Et, quand ils furent attablés:
– N'empêche, reprit Lagard, – que je ne suis pas fâché de me trouver un petit instant seul avec vous… Voilà, je ne vous ressemble guère, cousin, comme quoi vous avez gagné tous vos grades par la bonne conduite et la tenue… Le potage n'est pas piqué, pas vrai? quoique ça soit ici un taudis, comme vous dites, chez mon vénérable oncle… Et ça nous donne un fameux exemple de la fragilité humaine, de voir un homme qu'est pas né méchant natif, et qui tourne au sauvage par rapport à une fixité qu'il a d'humilier censé les barrières de droite et de gauche… C'est comme ça une mélomanie qu'on dit, je crois, quand la jugeotte n'y est plus… J'ai ouï parler d'un juif riche à milliasses, qui voulait prendre la lune parce qu'il avait dans la tête que c'était un louis composé de tout l'or du monde… et ça y prête un tantinet quand la lune est dans son plein… Mon oncle se fiche de la lune, mais il veut faire un trou dans le mur d'enceinte pour qu'y ait une barrière des Paillassons… Je disais donc que vous étiez, comme ça, le vrai modèle des bons sujets, par la sagesse en tout… Prenez-vous un coup de blanc par-dessus la soupe?
Vital tendit son verre.

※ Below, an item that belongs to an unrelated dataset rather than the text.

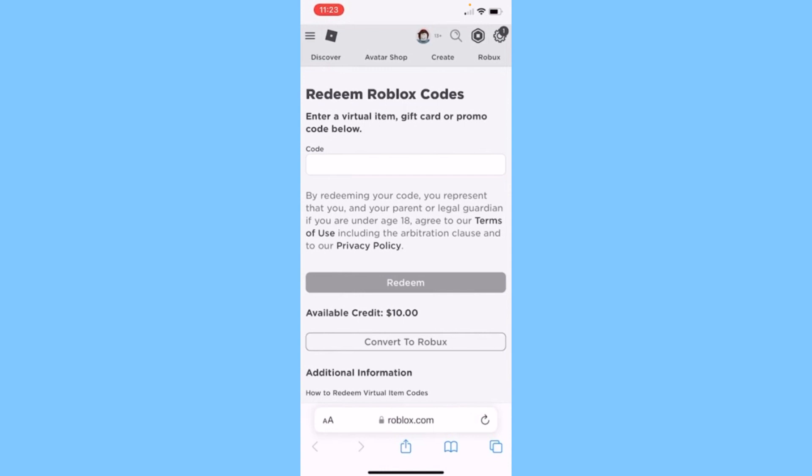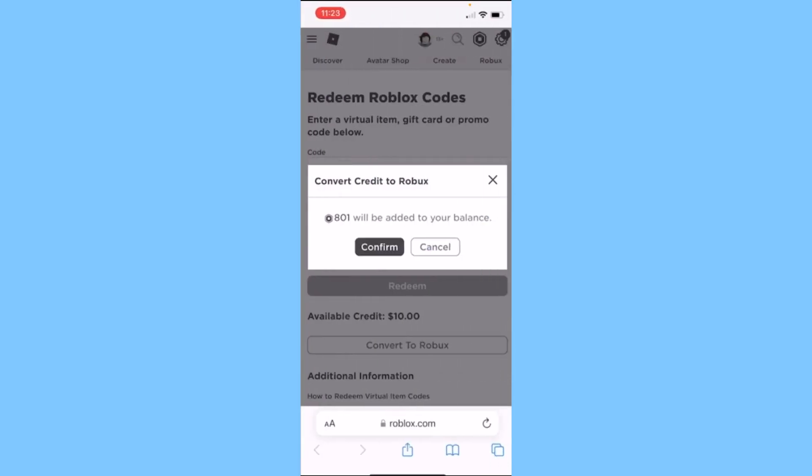Let me click on it. Once I click on it, it's going to show me this confirmation. I'll click confirm, and then my Roblox credit will be converted to Robux. That's how you guys can do it.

Jean Lagard continua:
– Moi, différemment, j'ai pris des habitudes avec les forts-et-adroits, dont j'étais un des plus universels… Par quoi, ma marraine ne me dit pas tout, s'en faut!.. Mangez-moi ça pendant que ça fume, cousin… J'ai roulé, voyez-vous, de-ci de-là, sans amasser de mousse… La marraine m'a empêché de faire pas mal de bêtises, mais j'en ai fait pas mal aussi, malgré elle… Voilà donc la chose: c'est un cœur d'or, et n'y a pas sa pareille au monde. Je l'aime, la, ce qui s'appelle à fond. Je me battrais pour elle avec n'importe quoi!.. En plus, à cause d'elle qui vous adore, je vous aime aussi, cousin, et je vous le dis à la bonne franquette… Portez-vous bien!
Il choqua son verre contre celui de Vital et le replaça bruyamment sur la table.
– En sorte que, reprit-il sans transition, pendant que ses yeux hardis et rieurs se fixaient sur le jeune lieutenant, – nous faisons comme ça la cour à une comtesse?
Vital tressaillit violemment et fut sur le point de laisser tomber son verre.
– On dit ça, reprit Jean Lagard, qui le considérait toujours; – moi, je n'en sais pas plus long, vous sentez bien.
– Qui est-ce qui dit cela? demanda le lieutenant.
– Les uns… les autres… répondit Lagard… Tenez, s'interrompit-il, – ce gros bonhomme que vous venez de voir vous connaît… Il y a ici un autre personnage dont nous parlerons tout à l'heure plus amplement. Le vieux Barbedor savait par moi que vous alliez venir… Il savait par d'autres que par moi ce que votre mère voudrait cacher à tous… Quand il a prononcé votre nom devant le personnage en question, j'ai entendu celui-ci qui s'écriait: «Ah! ah! l'amant de la comtesse de Mersanz!»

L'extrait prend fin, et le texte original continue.